Military Shuttle Secrecy is Justified

WITH the approach of another military space shuttle mission, set for an Aug. 8 blast off, the news media has started another round in the ``Guess-the-payload'' game. While poking fun at hapless, helpless Pentagon press officials, these reporters play their own game of courageous news sleuthing. The stakes are egos on one side and national security on the other. During the mission last December, while both NASA and defense officials remained silent about the progress of the flight, the news media regaled the public with mocking tales of inept Pentagon bureaucrats trying to cover up a space event which amateur observers in Canada and Europe had supposedly already completely penetrated. A series of experts were trotted out to disclaim on how ridiculous it was for the government to try to keep secrets. The key themes were that such secrecy didn't work anyhow, and was immoral even to attempt since it violated the public's right to know how its tax dollars were being spent.

Such claims are unjustified, based more on ego-tripping and ideological bias than on sound analysis. Secrecy surrounding shuttle missions is necessary and effective, and the only ``rights'' violated by it are those of voyeuristic thrill-seekers or their media employers.
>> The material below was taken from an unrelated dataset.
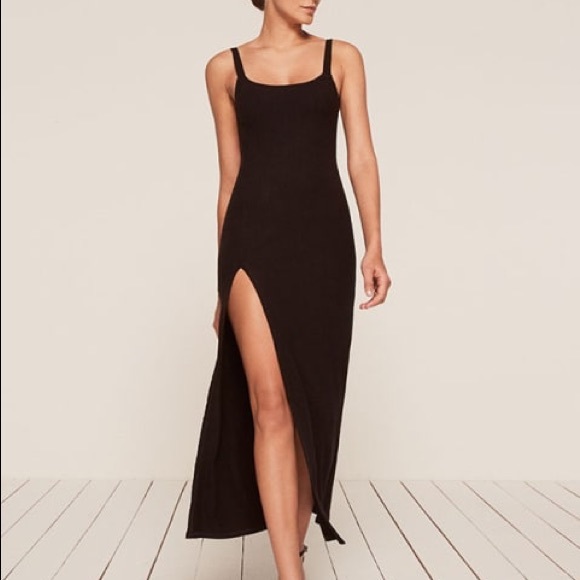 Reformation Dresses & Skirts - Reformation ribbed black maxi dress with slit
Many military spacecraft perform functions subject to countermeasures, but the dilemma facing the Soviets is what sort of countermeasures to apply. Successfully-maintained ignorance can tremendously enhance the value of such costly satellites, and it has often done so, mercifully invisible to the news media. Likewise, exposure of function can reduce or even eliminate the applications planned for them, and this has happened too. Sometimes that exposure comes from spies, and sometimes from open sources.
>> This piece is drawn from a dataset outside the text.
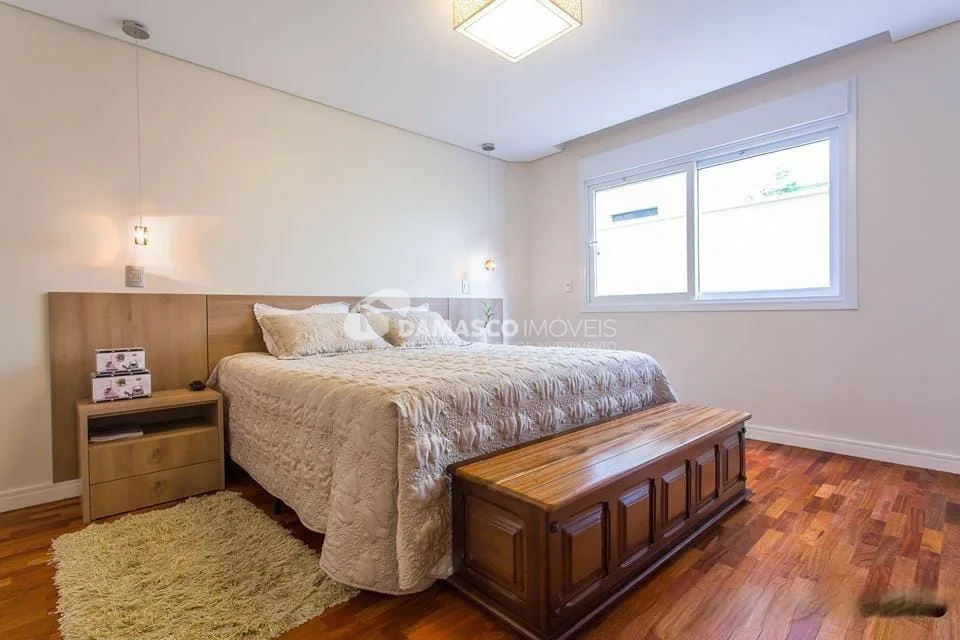 Sobrado à venda 4 Quartos, 3 Suites, 4 Vagas, 260M², Jardim São Caetano, São Caetano do Sul - SP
One feature of military shuttle missions most often mocked by newsmen is the withholding of launch time and intended orbital path. A frequent refrain is that such data is ``immediately obvious'' to Soviet spy satellites.

Such complaints reflect ignorance of Soviet technology, as well as ineptness by government spokesmen explaining such policies. There are excellent reasons for protecting such data in advance.

The rationale revolves around the nature of space operations. Although once a satellite is deployed it can eventually be observed by Soviet ground sites, the deployment process itself can be extremely sensitive. There are a series of characterizing events which, if observed with sufficiently sharp focus, could alert the Soviets to many classified features of the payload.

One example is the orbital insertion burn performed by the shuttle's maneuvering system. If measured precisely, the known thrust of the engines and the known orbit resulting from the burn can be used to compute the payload weight.

To observe and time a shuttle rocket burn, Soviet satellites would have to know in advance where and when the burn would occur so that a particular satellite's sensors could be directed onto a narrow angle with a fast scan rate to detect both the start and stop of the burn. Without such advance knowledge several days ahead of time, the Soviets will be unable to obtain the data necessary to ``weigh'' the secret payload.

Other characterizing events involve operations with deployment mechanisms (such as the robot arm), with waste water dumps, with communications relay satellites, and so forth. These could be spotted only if the Soviets knew where and when to concentrate their sensors.

Although newsmen will assert that they publish nothing not already known to the Soviets, this excuse is not credible. Anyone without full security clearances about a project cannot judge what trivial facts are significant. Technical intelligence is a game of tiny details that add up.

Western analysts frequently discover valuable information in Soviet papers, despite heavy censorship. Soviet defectors have told Western debriefers how much more valuable are American press stories, both in providing new information and in verifying single-source reports. So stories about the identity of military space vehicles are helpful to the Soviets.

Claims of ``not news to the Russians'' are patently transparent in many Western reports. Networks and magazines garner prestige, increased circulation, and higher profits from such material. Last year, one magazine even hired a private plane to fly over the roll-out of the B-2 Stealth bomber, obtaining - and proudly publishing - high-quality views of the vehicle's features which the Air Force intended to sequester. These pictures were better than any the Soviets could have obtained from any other source.

As far as the ``right to know,'' that is a charade to rationalize the media's primeval thrill of ``winning the game'' with nasty space militarists. Military space projects have been extensively reviewed and approved by tough-minded congressional panels, and if that's insufficient reassurance, the whole system needs reform. But sabotaging military space operations by aiding the Soviets in their countermeasures is stupid, costly, irresponsible, and ultimately self-defeating.